Wednesday 5 November 2008

Art as communication

I am presenting a paper at Cyber2008 in Stockholm next week. My talk is entitled Information and meaning: complexity, surprise and context in telecommunications and art.

I did a practice presentation to colleagues yesterday, and this unearthed some issues that I will need to emphasise or that will need further explanation. The paper builds partly on some the issues I've been exploring here, and I intend to develop the ideas further in later posts.

I am using a layered model of communications to provide a framework for understanding art. (One of the issues I need to emphasise immediately, is that I am not claiming to be contributing to the content of the framework: my contribution is the framework itself.)

Here's the starting point:



Fundamental is the assumption that the artist is communicating something to viewer. I think that must be the case, if the artist is doing anything.

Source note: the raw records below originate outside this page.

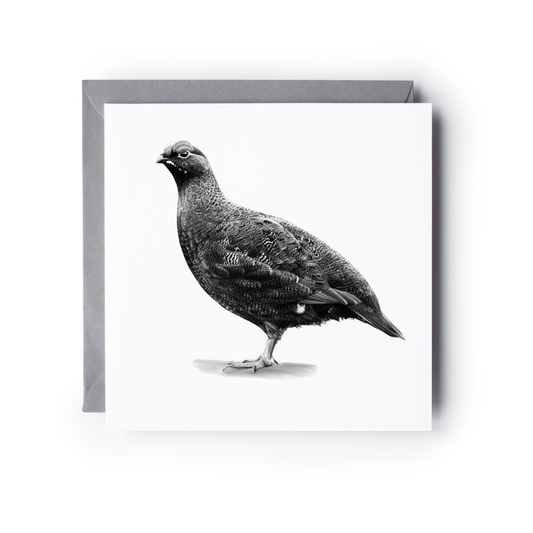 Red Grouse – British Wildlife Greeting Card (Copy)
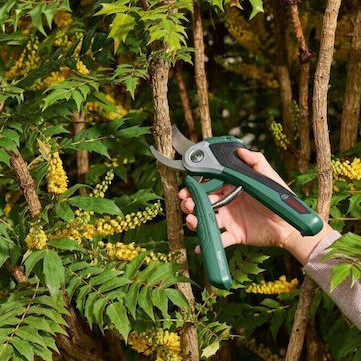 Bosch Easyprune Ψαλίδι Κλαδέματος 3.6V με 1 Μπαταρία & Μέγιστη Διάμετρο Κοπής 25mm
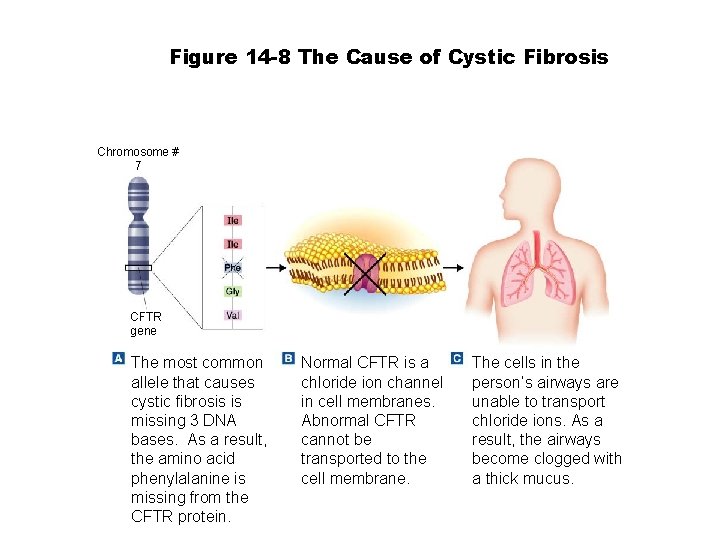 Section 14 -1 Figure 14 -8 The Cause of Cystic Fibrosis Chromosome # 7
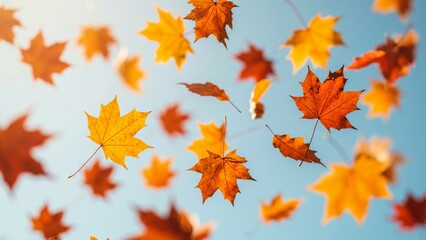Orange and red leaves are falling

A couple of points about that:

1) A tree is not art by itself. A painting of a tree is art. A photograph of a tree is art. Maybe a tree can become art by someone pointing to the tree and saying it is art. Maybe the tree even becomes art whenever someone points at it and just says "look at that tree", but I think there has to be someone to be the 'artist'. (See my related post on intentionality.)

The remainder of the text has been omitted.